Propane’s lower value reflects confidence in supply

November 5, 2018 By and    

The October sell-off in propane seems to show that players in the propane market are not worried about supply. On Nov. 1, Mont Belvieu LST propane closed at 82 cents, and Conway propane closed at 69 cents. Last year at this time, Mont Belvieu LST closed at 95.625 cents, and Conway closed at 90 cents.

Not only is the nominal value of propane lower year-over-year, so is its relative value. On Nov. 1, Mont Belvieu LST propane was valued at 54 percent of WTI crude.

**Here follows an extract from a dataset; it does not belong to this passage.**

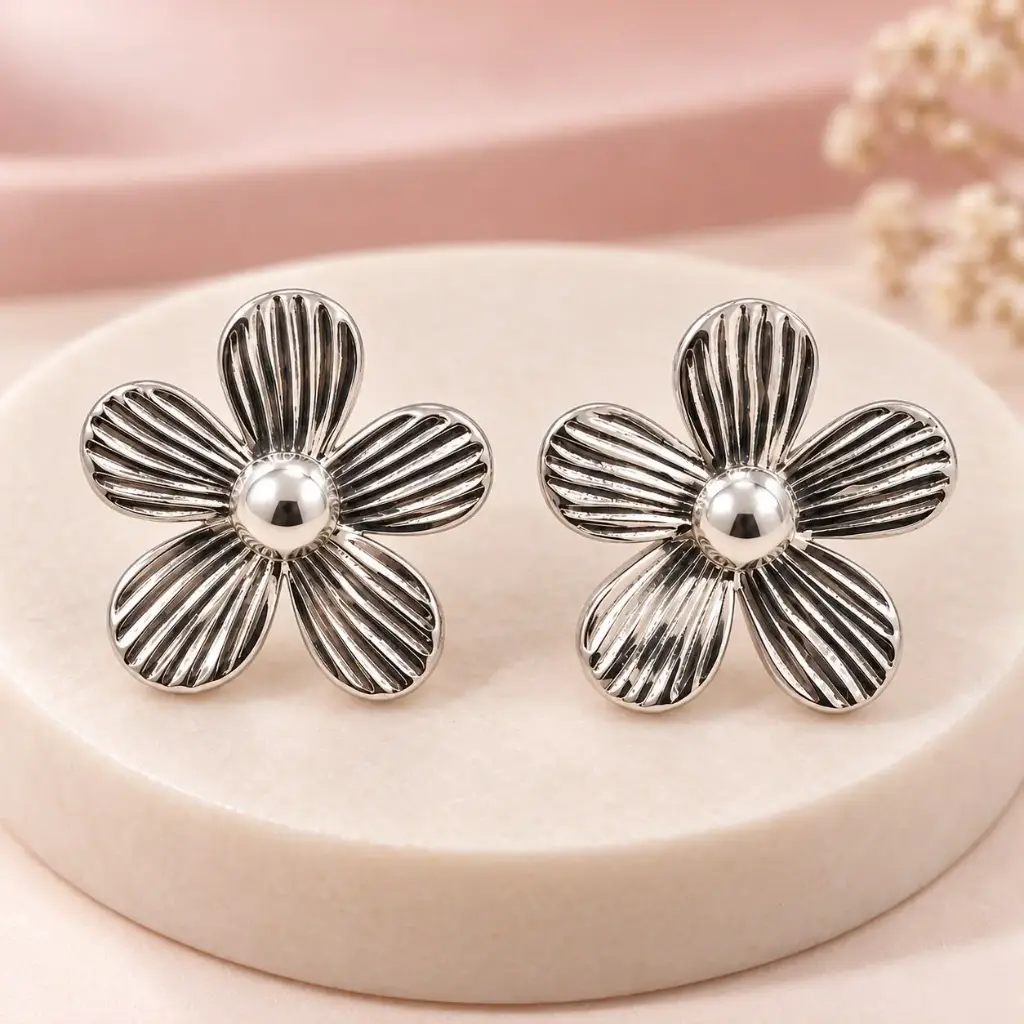 Maxi aretes en acero silver flor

Last year at this time, it was valued at 74 percent.

Image: Cost Management Solutions

Image: Cost Management Solutions

The chart above shows during the first half of the year Mont Belvieu LST propane set – or was near – five-year high valuations relative to WTI crude. As winter begins, Mont Belvieu LST propane’s relative value is falling. It is almost back to the five-year average, which is a very strong signal that traders see no red flags concerning propane supply. If propane fundamentals are perceived as supportive, then propane’s relative value to crude generally is higher.

Conway’s relative value to WTI crude has been near the five-year average all year, mostly staying well below 2017. There was an excess of supply in the Midwest, resulting in its relative low valuation compared to crude. During the second half of October, even low-valued Conway propane dropped another leg down in relative value to crude.

Image: Cost Management Solutions

Image: Cost Management Solutions

U.S. propane inventory is now running ahead of last year. During late summer, traders worried too much inventory was not fractionated, and thus available to the market. Current prices reflect traders are not too worried about a shortage of purity product either – at least right now.

High levels of propane production have kept up with both domestic and export demand.

Image: Cost Management Solutions

Image: Cost Management Solutions

U.S. propane production set new five-year highs every week this year, according to data provided by the Energy Information Administration. Production is consistently averaging more than 2 million barrels per day.

There was a significant disruption to propane supplies from hurricanes going into last winter. Since that has not happened this year, more inventory has accumulated.

So far, supplies have not been significantly tested. As winter demand increases, there is a chance the lack of adequate fractionation capacity to handle production could become a problem. It is very important to remember a lot of storage used to hold purity products is now being used for Y-grade storage.

It is possible the cushion of purity products to handle demand spikes may not be nearly what overall inventory might suggest, which includes propane trapped in Y-grade mix.

It remains very possible that a shortage of purity propane could still be an issue when winter demand kicks into high gear. If so, a look in the rearview mirror at the end of this winter may show today’s low nominal prices and low relative values for propane were great opportunities for price protection.